Your goal:
Please retype all of the entries that follow, leaving the images out.

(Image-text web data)
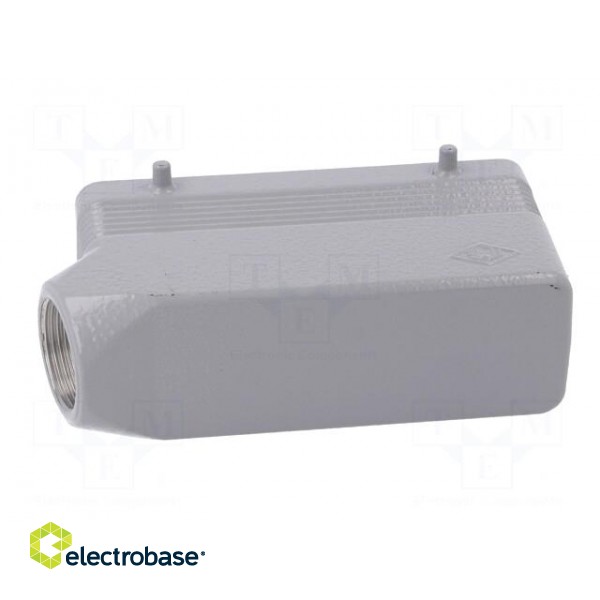 Enclosure: for HDC connectors | C-TYPE | size 104.27 | IP66 | PG21 image 5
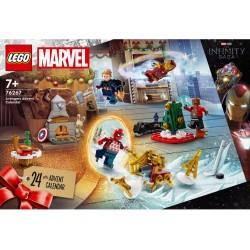 LEGO 76267 Calendrier De L'Avent Lego Super Heros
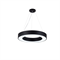 Светильник подвесной потолочный черный кольцо D120см 140Вт 4000К белый свет svetlon_HB0312-b-4000 - фото 4471544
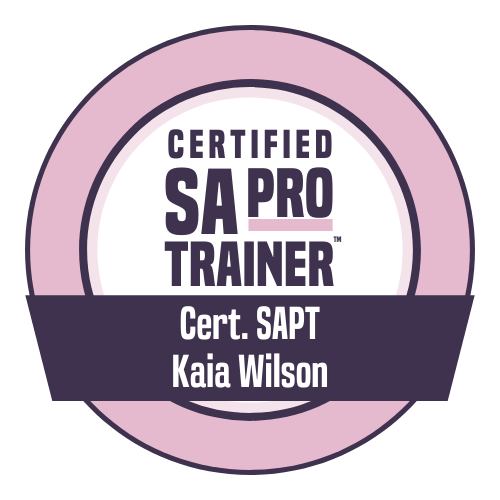 trainer cert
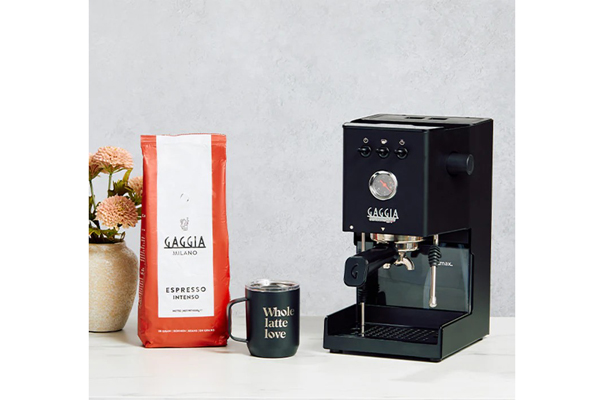 Win a Gaggia Classic Up Espresso Machine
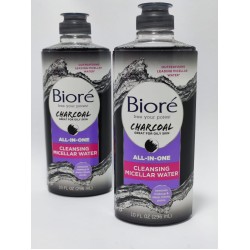 AGUA MICELAR BIORE DE CARBON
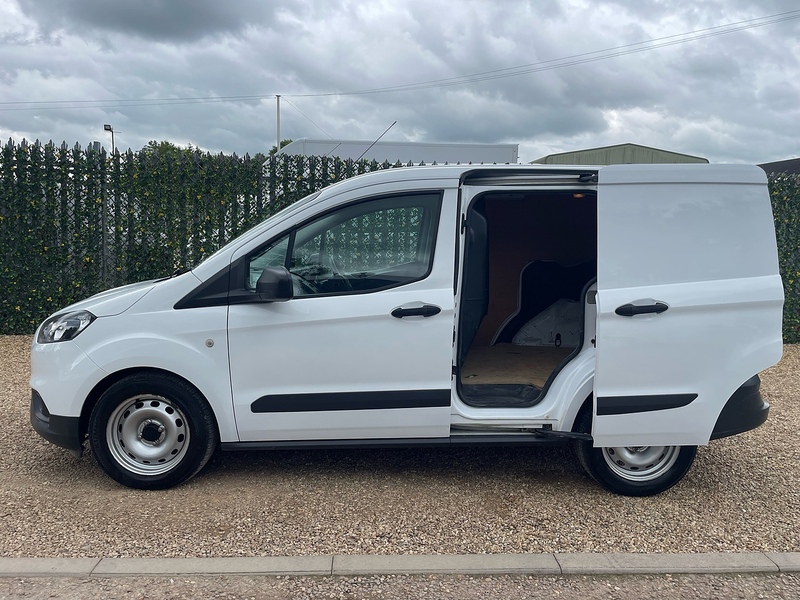 Ford EcoBoost Leader 1.0 L1 H1 SWB PANEL VAN - WHITE
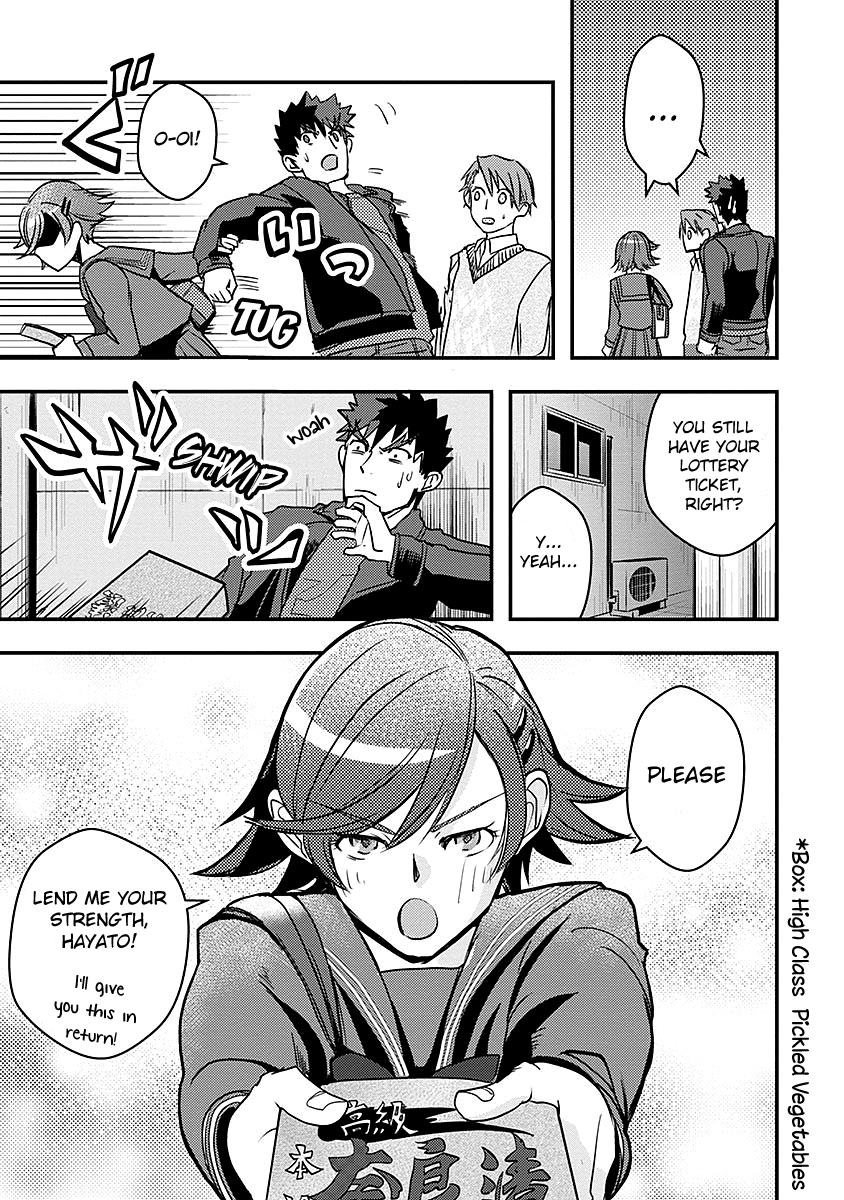 Ore to Hero to Mahou Shoujo Chapter 16 page 12 - 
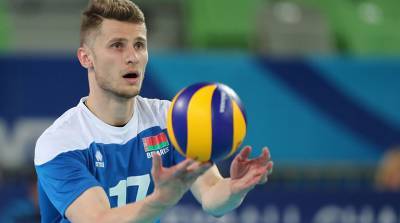 Белорусский волейболист Родион Мискевич будет выступать за сургутскую "Газпром-Югру"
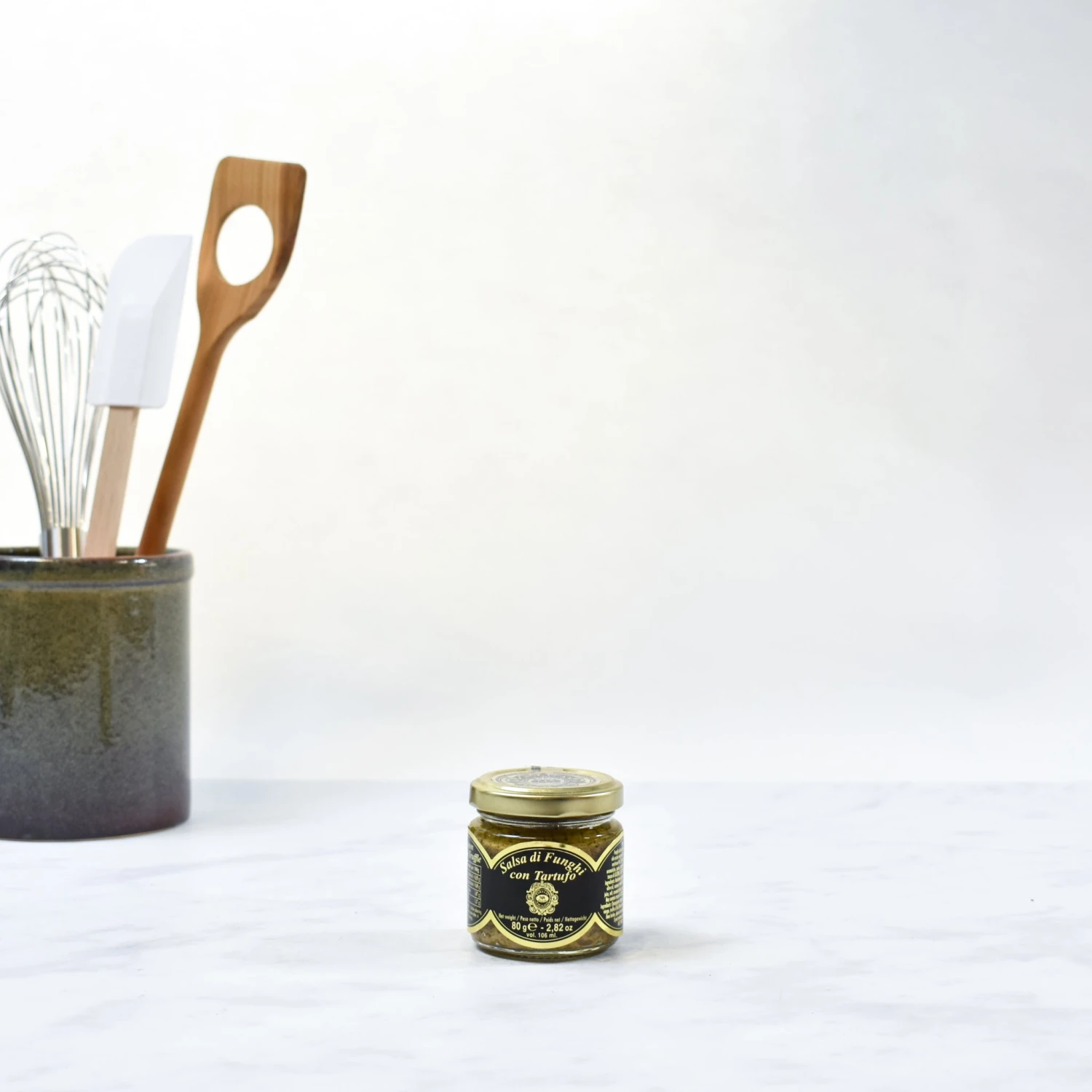 Marini Azzolini Ingredients Truffle & Mushroom Salsa 80g 7 Marini Azzolini Ingredients Truffle & Mushroom Salsa 80g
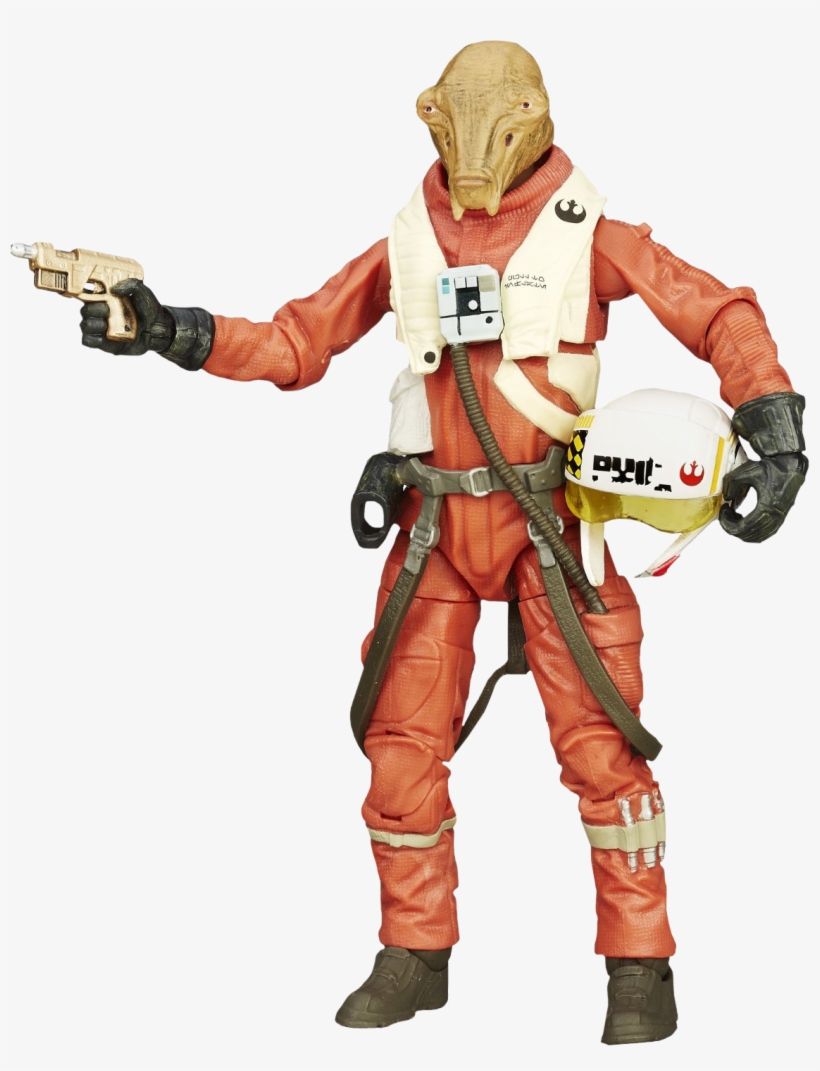 X-wing - Star Wars Black Series X Wing Pilot Asty, transparent png download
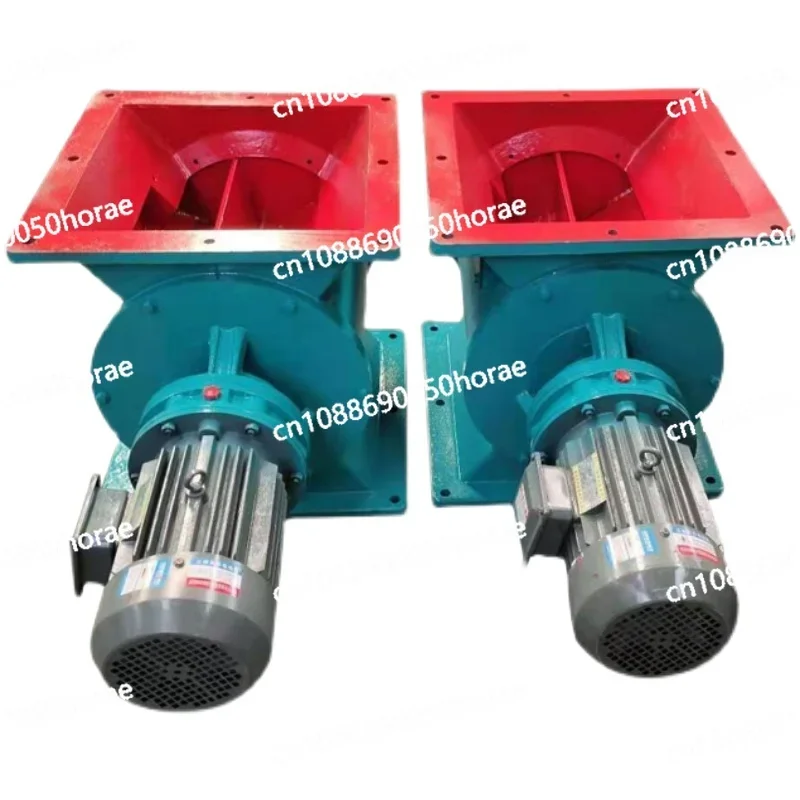 Star Unloader Ash Unloading Valve Electric Stainless Steel Closed Air Unloader Fan Rotary Explosion-proof Impeller Feeder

Written answer:
 Enclosure: for HDC connectors | C-TYPE | size 104.27 | IP66 | PG21 image 5
 LEGO 76267 Calendrier De L'Avent Lego Super Heros
 Светильник подвесной потолочный черный кольцо D120см 140Вт 4000К белый свет svetlon_HB0312-b-4000 - фото 4471544
 trainer cert
 Win a Gaggia Classic Up Espresso Machine
 AGUA MICELAR BIORE DE CARBON
 Ford EcoBoost Leader 1.0 L1 H1 SWB PANEL VAN - WHITE
 Ore to Hero to Mahou Shoujo Chapter 16 page 12 - 
 Белорусский волейболист Родион Мискевич будет выступать за сургутскую "Газпром-Югру"
 Marini Azzolini Ingredients Truffle & Mushroom Salsa 80g 7 Marini Azzolini Ingredients Truffle & Mushroom Salsa 80g
 X-wing - Star Wars Black Series X Wing Pilot Asty, transparent png download
 Star Unloader Ash Unloading Valve Electric Stainless Steel Closed Air Unloader Fan Rotary Explosion-proof Impeller Feeder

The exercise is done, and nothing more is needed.